Any oil additive that you instructs you to shake it before pouring in will either be filtered out by the filter or settle in the bottom of the pan or in your oil passages. Which means they are just plain junk. You are better off using a good quality oil and filter and changing it as needed. I have used an oil treatment (to thicken) when motor had low oil pressure, but that is a short term fix and not a cure. Otherwise I wouldn't bother with any snake oil's.


----------



## J.M.D. (Jun 28, 2013)

In all of the cars I've had, I've never used oil additives, I've never seen a need for them.

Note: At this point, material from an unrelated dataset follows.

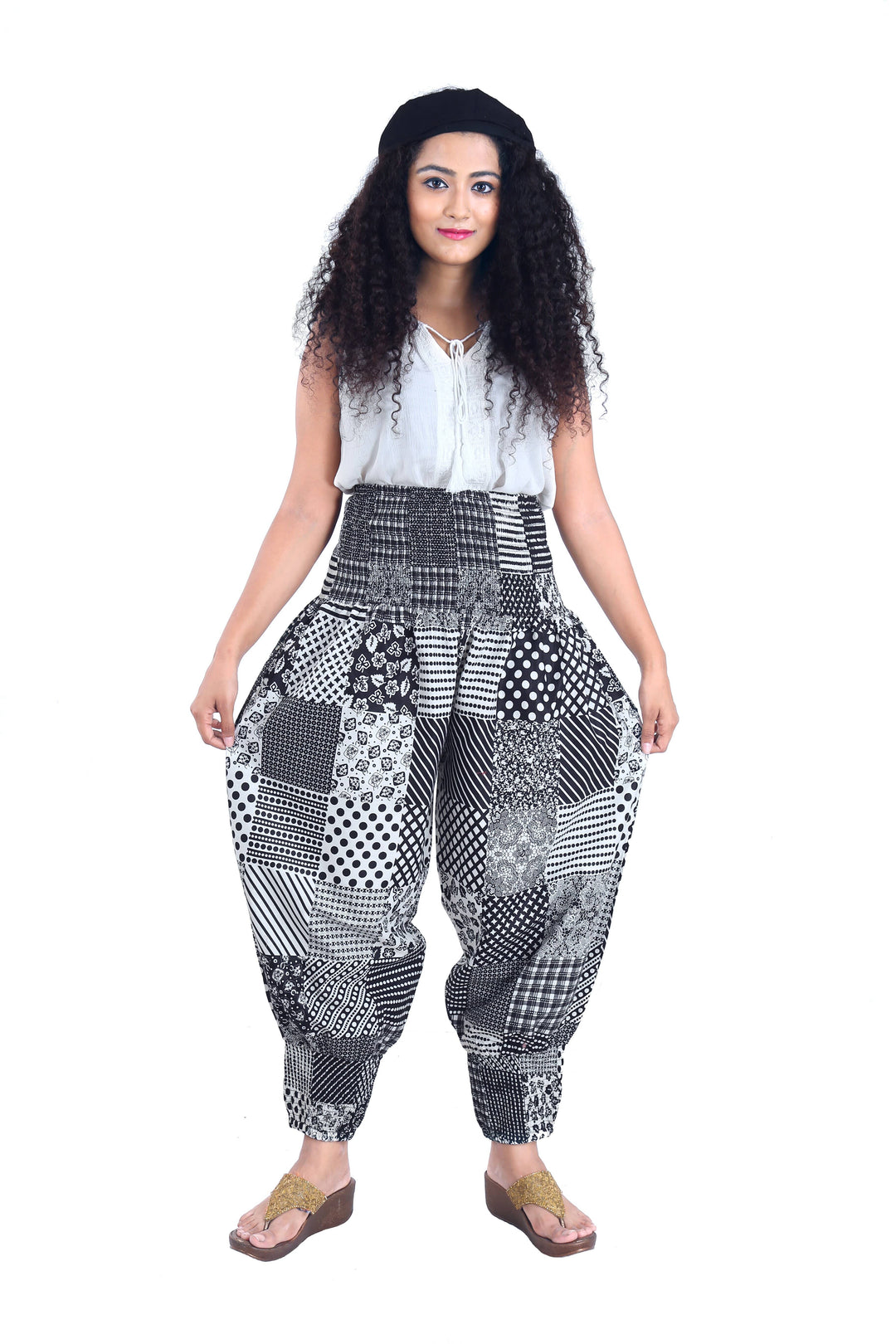 Plazzo Pants - "Black & White"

However I have a buddy who swears by Restore, and I will do an occasional seafoam through the vacuum line. But in the long run, VW along with almost every owner's manual recommend nothing but oil.:thumbup:


----------



## 2006_A3_2.0T (Jan 11, 2013)

I never used but on my last oil change I used a can of LM Ceratec.
I wonder if Iam crapping out the engine?

1 bottle of Ceratec + Top Tec 4200 5w30 on the 2.0T FSI engine.

I heard nothing but good things on this oil additive, the engine feels great though.

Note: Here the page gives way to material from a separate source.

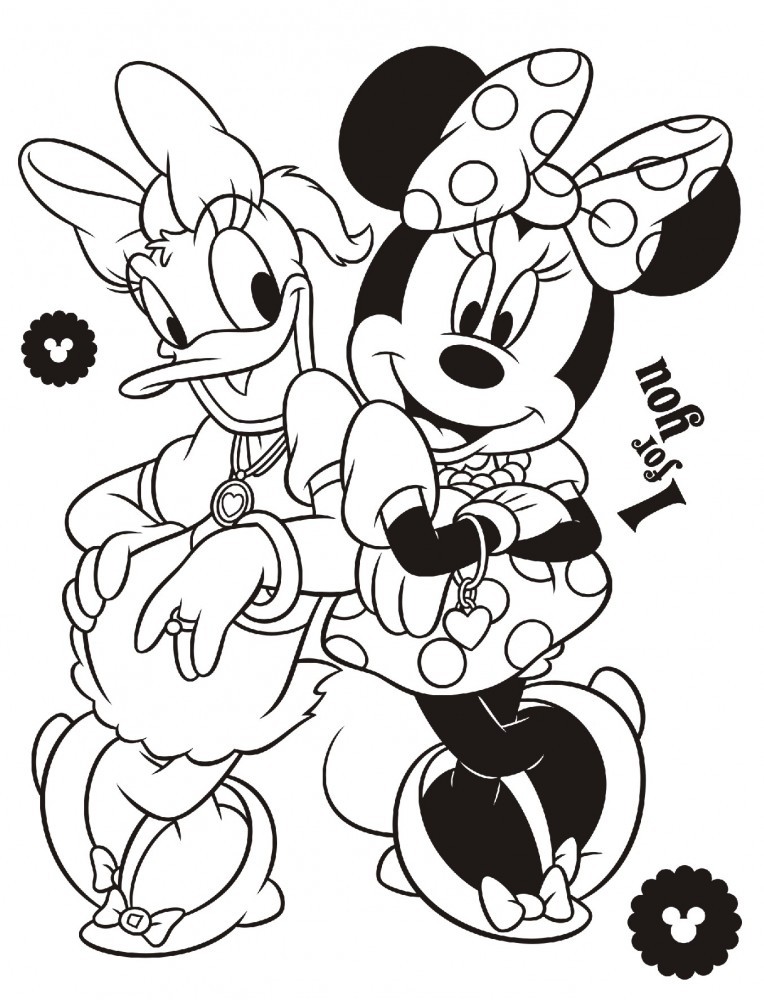 Dibujos para colorear e imprimir Minnie Mouse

Any thoughts? Iam happy with it but should I just change the oil and discard the Ceratec?


----------



## 8vn'4rbtft (Jul 30, 2013)

there are a few things I would recommend for your oil such as marvel mystery oil, sea foam is ok(some in the gas, some in the intake and some in the oil) just change it every 3k miles or 3 months and you won't get any sludge.


----------